=== Begin Enclosure ===

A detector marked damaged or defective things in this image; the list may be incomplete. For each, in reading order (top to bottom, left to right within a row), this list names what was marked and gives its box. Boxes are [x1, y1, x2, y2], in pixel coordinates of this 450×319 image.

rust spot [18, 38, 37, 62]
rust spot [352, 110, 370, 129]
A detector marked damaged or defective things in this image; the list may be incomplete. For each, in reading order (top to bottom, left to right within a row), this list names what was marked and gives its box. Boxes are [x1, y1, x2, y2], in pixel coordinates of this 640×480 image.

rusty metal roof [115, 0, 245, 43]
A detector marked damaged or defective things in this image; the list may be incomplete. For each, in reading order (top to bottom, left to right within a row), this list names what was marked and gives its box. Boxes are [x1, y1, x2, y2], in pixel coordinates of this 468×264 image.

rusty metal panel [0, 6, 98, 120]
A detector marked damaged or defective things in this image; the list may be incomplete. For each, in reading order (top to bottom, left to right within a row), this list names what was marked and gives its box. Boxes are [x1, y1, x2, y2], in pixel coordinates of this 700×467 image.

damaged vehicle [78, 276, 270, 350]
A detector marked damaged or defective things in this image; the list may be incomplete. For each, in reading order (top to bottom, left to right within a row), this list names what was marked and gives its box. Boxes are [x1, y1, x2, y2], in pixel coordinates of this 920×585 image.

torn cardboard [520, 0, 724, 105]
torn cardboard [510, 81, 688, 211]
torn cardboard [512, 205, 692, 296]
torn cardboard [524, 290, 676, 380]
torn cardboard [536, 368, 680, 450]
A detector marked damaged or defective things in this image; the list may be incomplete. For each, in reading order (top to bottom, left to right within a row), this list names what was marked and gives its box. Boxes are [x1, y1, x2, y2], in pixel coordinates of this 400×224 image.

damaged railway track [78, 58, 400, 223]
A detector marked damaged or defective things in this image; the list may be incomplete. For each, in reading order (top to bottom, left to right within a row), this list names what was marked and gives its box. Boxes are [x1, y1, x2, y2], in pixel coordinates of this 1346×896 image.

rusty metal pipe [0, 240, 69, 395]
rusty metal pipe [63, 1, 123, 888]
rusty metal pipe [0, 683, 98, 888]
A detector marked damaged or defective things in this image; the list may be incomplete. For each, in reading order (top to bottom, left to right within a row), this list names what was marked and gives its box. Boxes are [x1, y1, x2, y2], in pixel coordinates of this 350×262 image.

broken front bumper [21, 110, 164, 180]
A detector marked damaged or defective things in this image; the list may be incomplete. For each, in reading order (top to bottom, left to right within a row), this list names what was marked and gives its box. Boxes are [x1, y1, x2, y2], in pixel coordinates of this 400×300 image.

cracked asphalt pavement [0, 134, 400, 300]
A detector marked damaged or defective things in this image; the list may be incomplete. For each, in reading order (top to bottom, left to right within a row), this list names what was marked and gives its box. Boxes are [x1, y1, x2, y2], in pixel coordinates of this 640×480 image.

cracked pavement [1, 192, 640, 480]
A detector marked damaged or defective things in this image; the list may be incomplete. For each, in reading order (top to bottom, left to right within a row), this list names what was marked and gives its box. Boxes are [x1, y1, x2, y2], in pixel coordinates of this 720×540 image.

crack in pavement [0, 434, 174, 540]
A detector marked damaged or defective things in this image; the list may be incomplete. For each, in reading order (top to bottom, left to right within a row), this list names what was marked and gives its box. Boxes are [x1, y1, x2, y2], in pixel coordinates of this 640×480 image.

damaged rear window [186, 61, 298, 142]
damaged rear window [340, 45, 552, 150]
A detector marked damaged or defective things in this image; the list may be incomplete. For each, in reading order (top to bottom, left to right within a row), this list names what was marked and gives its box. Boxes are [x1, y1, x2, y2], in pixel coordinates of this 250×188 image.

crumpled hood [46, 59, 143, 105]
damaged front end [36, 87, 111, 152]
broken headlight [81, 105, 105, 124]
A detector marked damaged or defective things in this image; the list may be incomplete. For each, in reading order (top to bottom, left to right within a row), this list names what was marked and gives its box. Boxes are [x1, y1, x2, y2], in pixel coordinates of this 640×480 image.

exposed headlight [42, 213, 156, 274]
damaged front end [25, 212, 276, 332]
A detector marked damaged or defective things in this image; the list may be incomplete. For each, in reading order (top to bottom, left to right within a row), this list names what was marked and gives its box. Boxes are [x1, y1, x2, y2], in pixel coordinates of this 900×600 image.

=== End Enclosure ===

Repeat the data. Keep every word the same.

| Answer below |
A detector marked damaged or defective things in this image; the list may be incomplete. For each, in reading order (top to bottom, left to right within a row), this list names what was marked and gives its box. Boxes are [x1, y1, x2, y2], in pixel coordinates of this 450×319 image.

rust spot [18, 38, 37, 62]
rust spot [352, 110, 370, 129]
A detector marked damaged or defective things in this image; the list may be incomplete. For each, in reading order (top to bottom, left to right within a row), this list names what was marked and gives its box. Boxes are [x1, y1, x2, y2], in pixel coordinates of this 640×480 image.

rusty metal roof [115, 0, 245, 43]
A detector marked damaged or defective things in this image; the list may be incomplete. For each, in reading order (top to bottom, left to right within a row), this list names what was marked and gives its box. Boxes are [x1, y1, x2, y2], in pixel coordinates of this 468×264 image.

rusty metal panel [0, 6, 98, 120]
A detector marked damaged or defective things in this image; the list may be incomplete. For each, in reading order (top to bottom, left to right within a row), this list names what was marked and gives its box. Boxes are [x1, y1, x2, y2], in pixel coordinates of this 700×467 image.

damaged vehicle [78, 276, 270, 350]
A detector marked damaged or defective things in this image; the list may be incomplete. For each, in reading order (top to bottom, left to right within a row), this list names what was marked and gives its box. Boxes are [x1, y1, x2, y2], in pixel coordinates of this 920×585 image.

torn cardboard [520, 0, 724, 105]
torn cardboard [510, 81, 688, 211]
torn cardboard [512, 205, 692, 296]
torn cardboard [524, 290, 676, 380]
torn cardboard [536, 368, 680, 450]
A detector marked damaged or defective things in this image; the list may be incomplete. For each, in reading order (top to bottom, left to right within a row), this list names what was marked and gives its box. Boxes are [x1, y1, x2, y2], in pixel coordinates of this 400×224 image.

damaged railway track [78, 58, 400, 223]
A detector marked damaged or defective things in this image; the list may be incomplete. For each, in reading order (top to bottom, left to right within a row), this list names what was marked and gives its box. Boxes are [x1, y1, x2, y2], in pixel coordinates of this 1346×896 image.

rusty metal pipe [0, 240, 69, 395]
rusty metal pipe [63, 1, 123, 888]
rusty metal pipe [0, 683, 98, 888]
A detector marked damaged or defective things in this image; the list may be incomplete. For each, in reading order (top to bottom, left to right within a row), this list names what was marked and gives its box. Boxes are [x1, y1, x2, y2], in pixel coordinates of this 350×262 image.

broken front bumper [21, 110, 164, 180]
A detector marked damaged or defective things in this image; the list may be incomplete. For each, in reading order (top to bottom, left to right within a row), this list names what was marked and gives its box. Boxes are [x1, y1, x2, y2], in pixel coordinates of this 400×300 image.

cracked asphalt pavement [0, 134, 400, 300]
A detector marked damaged or defective things in this image; the list may be incomplete. For each, in reading order (top to bottom, left to right within a row), this list names what was marked and gives its box. Boxes are [x1, y1, x2, y2], in pixel coordinates of this 640×480 image.

cracked pavement [1, 192, 640, 480]
A detector marked damaged or defective things in this image; the list may be incomplete. For each, in reading order (top to bottom, left to right within a row), this list names what was marked and gives its box. Boxes are [x1, y1, x2, y2], in pixel coordinates of this 720×540 image.

crack in pavement [0, 434, 174, 540]
A detector marked damaged or defective things in this image; the list may be incomplete. For each, in reading order (top to bottom, left to right within a row), this list names what was marked and gives its box. Boxes are [x1, y1, x2, y2], in pixel coordinates of this 640×480 image.

damaged rear window [186, 61, 298, 142]
damaged rear window [340, 45, 552, 150]
A detector marked damaged or defective things in this image; the list may be incomplete. For each, in reading order (top to bottom, left to right within a row), this list names what was marked and gives its box. Boxes are [x1, y1, x2, y2], in pixel coordinates of this 250×188 image.

crumpled hood [46, 59, 143, 105]
damaged front end [36, 87, 111, 152]
broken headlight [81, 105, 105, 124]
A detector marked damaged or defective things in this image; the list may be incomplete. For each, in reading order (top to bottom, left to right within a row), this list names what was marked and gives its box. Boxes are [x1, y1, x2, y2], in pixel coordinates of this 640×480 image.

exposed headlight [42, 213, 156, 274]
damaged front end [25, 212, 276, 332]
A detector marked damaged or defective things in this image; the list may be incomplete. For each, in reading order (top to bottom, left to right within a row), this list names what was marked and gives its box. Boxes are [x1, y1, x2, y2], in pixel coordinates of this 900×600 image.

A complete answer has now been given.